Leçon 3

Réplication et localité

Une voix furieuse s'éleva alors — c'était le lapin — « Pat, Pat ! où es-tu ? »
Read by Guy Swann.

En dehors de la mécanique quantique, la localité ne pose aucun problème dans le monde physique. La question : « Où est X ? » appelle une réponse sensée, indépendamment de la nature de X (personne ou objet). Dans le monde numérique, est une question déjà délicate, mais il est encore possible d’y répondre. Où sont vos e-mails, au fond ? « Dans le cloud » serait une réponse insatisfaisante, car il s’agit simplement de l’ordinateur d’une tierce personne. Néanmoins, si vous le souhaitez, vous pouvez retrouver la trace de toutes les unités de stockage où sont conservés vos e-mails — du moins en théorie.

Avec le bitcoin, la question « où » est vraiment délicate. Où sont vos bitcoins exactement ?

« J’ouvris les yeux, regardai autour de moi, puis posai la question traditionnelle, lamentablement galvaudée qui suit inmanquablement une opération : “Où suis-je ? » Daniel Dennett

Le problème est double. Premièrement, le registre distribué se distribue par réplication complète, c’est-à-dire qu’il est partout. Deuxièmement, il n’y a pas de bitcoins. Physiquement, mais aussi techniquement.

Le Bitcoin effectue le suivi d’un set de unspent transaction outputs (un ensemble d’opérations créditrices, pour ainsi dire), sans une seule référence à une entité qui représente un bitcoin.
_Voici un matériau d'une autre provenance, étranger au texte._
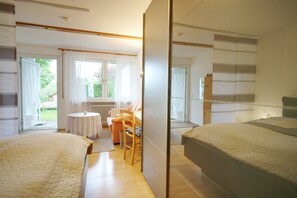 A bedroom with two beds, a small round table, and a chair. - Holiday Oasis - Apartment No. 4 - Holiday oasis (Bad Dürrheim)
La présence d’un bitcoin est déduite sur la base du set de unspent transaction outputs, où un bitcoin correspond à chaque entrée comprenant cent millions d’unités de base.

« Où est-il à cet instant : en transit ? […] Premièrement, il n’y a pas de bitcoins. Il n’y en a pas, tout simplement. Ils n’existent pas. Ce sont des entrées dans un registre qui est partagé […] Ils n’existent dans aucun lieu physique. Le registre existe dans tous les lieux physiques, pour faire simple. La géographie n’a pas de sens dans ce contexte — ce n’est pas ça qui va vous permettre de déterminer votre politique dans ce domaine. » Peter Van Valkenburgh

Donc, qu’est-ce que vous avez en votre possession, finalement, lorsque vous dites : « J’ai un bitcoin » et que les bitcoins n’existent pas ? Eh bien, vous souvenez-vous des mots étranges que vous avez dû écrire à la création de votre portefeuille ? Ce sont ces mots magiques que vous possédez : une incantation qui peut être utilisée pour ajouter des entrées au registre public — les clefs permettant de « déplacer » des bitcoins. Si vous pensez que j’invente cette histoire, n’hésitez pas à m’envoyer vos clefs privées.

Le bitcoin m’a appris que la localité est une question délicate.